Saturday, May 8, 2010

The absence of explanation

I've been struck mute  - or rather, I was struck mute - for two reasons. First, my much-loved sister Barb came to Sydney for a few days. Somehow, by error and by design, I've organised to live the past 25 years in a different country from her. I regret that, for when Barb's around, I don't need to explain anything. There's  no-one who understands me so intuitively, nor who shares so many of my habits and mannerisms. We sound the same - even our children can confuse our voices. There's something in the way we move too. Perfect strangers ask us if we're twins. Needless to say, we don't consider ourselves to be alike at all (I'll always say she's the pretty one, and she'll always say I got the brains.) but what counts is that we grew up breathing the same air.

                                Here we are in NZ over summer. Definitely our mother's daughters...

So, that's one reason why I've been quiet. But there was something else. A couple of weeks ago, I picked up a terse note on Alaskan Mike's blog. Admittedly he and Alisa were in limbo, waiting for the birth of Eric Leo (who arrived, in a great hurry, on April 28 - welcome, little man!). Mike wrote that he has a standard for blogging - Blog Only When You Have Something to Say. The business of clogging up everyone's computers with the "mental chaff of the moment" he leaves to others. Ouch. Where does that leave this blog? I wondered...

I could sit Alex down and get him to detail exactly what he's done on the boat over the past two months, instead of glibly reporting my impressions. Fuel injectors overhauled, solar panels fitted, new car radio installed blah blah blah. It's all very important stuff. Boat maintenance is where cruising begins and often ends. But it can also be an end in itself. Alex is the first to say that he's probably taken twice as long to do the work on Kukka that we planned because a) he's learning as he does it and b) he enjoys it so much. You know the line, the one from the opening chapter of the Wind in the Willows, where the Water Rat explains the charm of boating to Mole, to whom the river and riverside ways are a novelty. `Believe me, my young friend, there is NOTHING--absolute nothing--half so much worth doing as simply messing about in boats.'

My hope - actually it's better than that, it's a conviction based on our shake-down cruise last year - is that once we go sailing, the distance between us (the Rat and the Mole) will narrow. I will become more involved with the boat as a machine, and Alex will see beyond its workings. When that happens, the blog will have something to say about us. I'm looking forward to that.
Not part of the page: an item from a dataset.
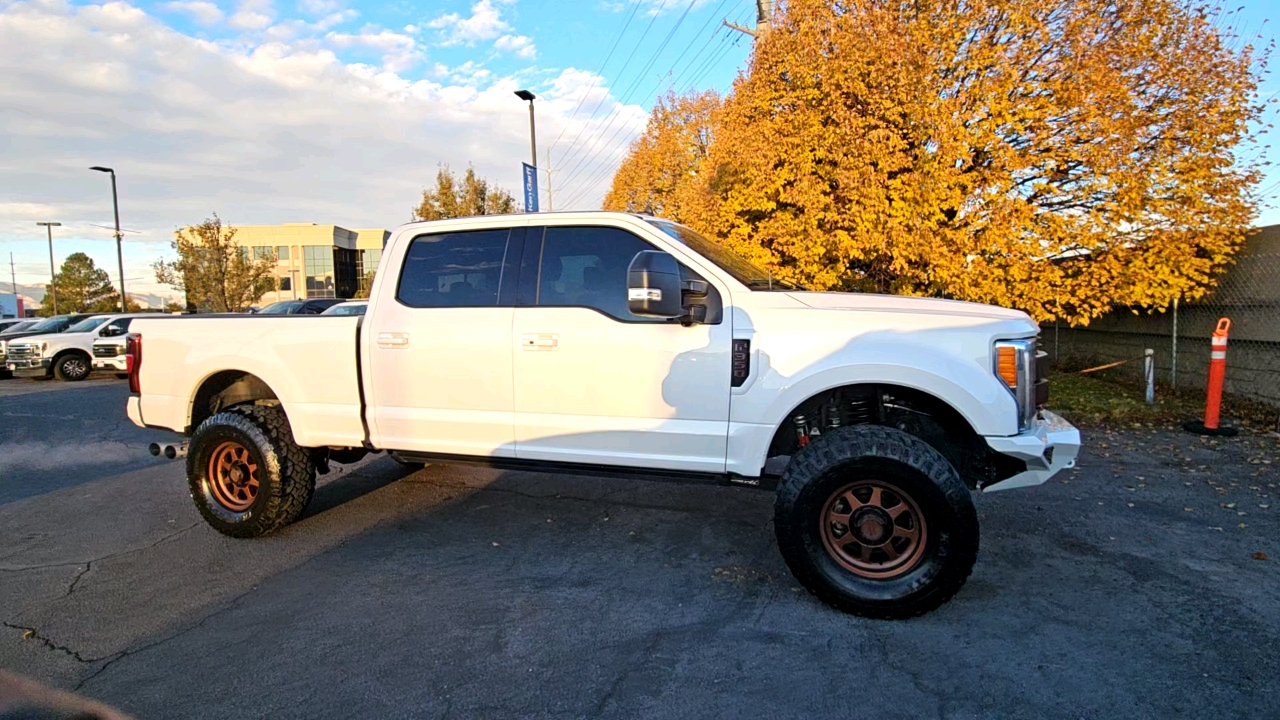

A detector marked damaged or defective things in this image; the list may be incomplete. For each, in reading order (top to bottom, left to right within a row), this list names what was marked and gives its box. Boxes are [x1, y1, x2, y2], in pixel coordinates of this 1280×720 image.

cracked asphalt [2, 379, 1280, 712]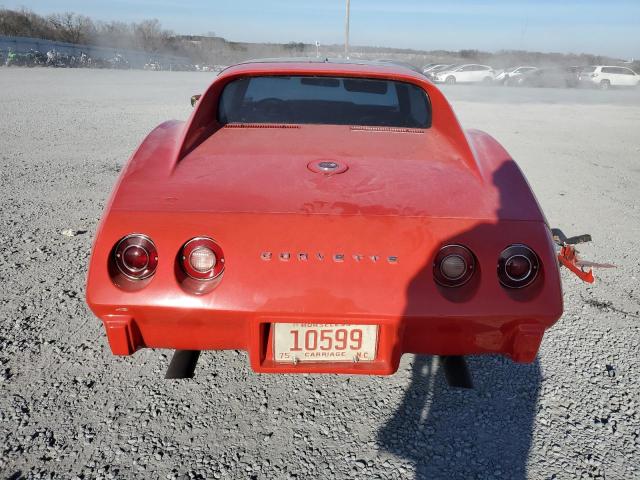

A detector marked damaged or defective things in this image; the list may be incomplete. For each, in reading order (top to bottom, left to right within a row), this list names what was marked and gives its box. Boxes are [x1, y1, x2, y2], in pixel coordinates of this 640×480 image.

But back to me (just joking). We took the staysail off the boat today, with Mikey's help. It needs a new line down the leech (the back edge of the triangle) to stop the sail from fluttering. Fortunately, the mainsail, which is incredibly heavy and unwieldy, looks good to go. As of today, I also have access to the interior of the boat, vacuumed and shipshape. There is not a loose wire in sight. The man is a gem. Without ceremony, I re-hung the ugly curtains which I had intended to bin. The time for worrying about aesthetics has gone. This week we'll be figuring out how to maximise the space in our storage cupboards. Now that's something I know a lot about. Finally.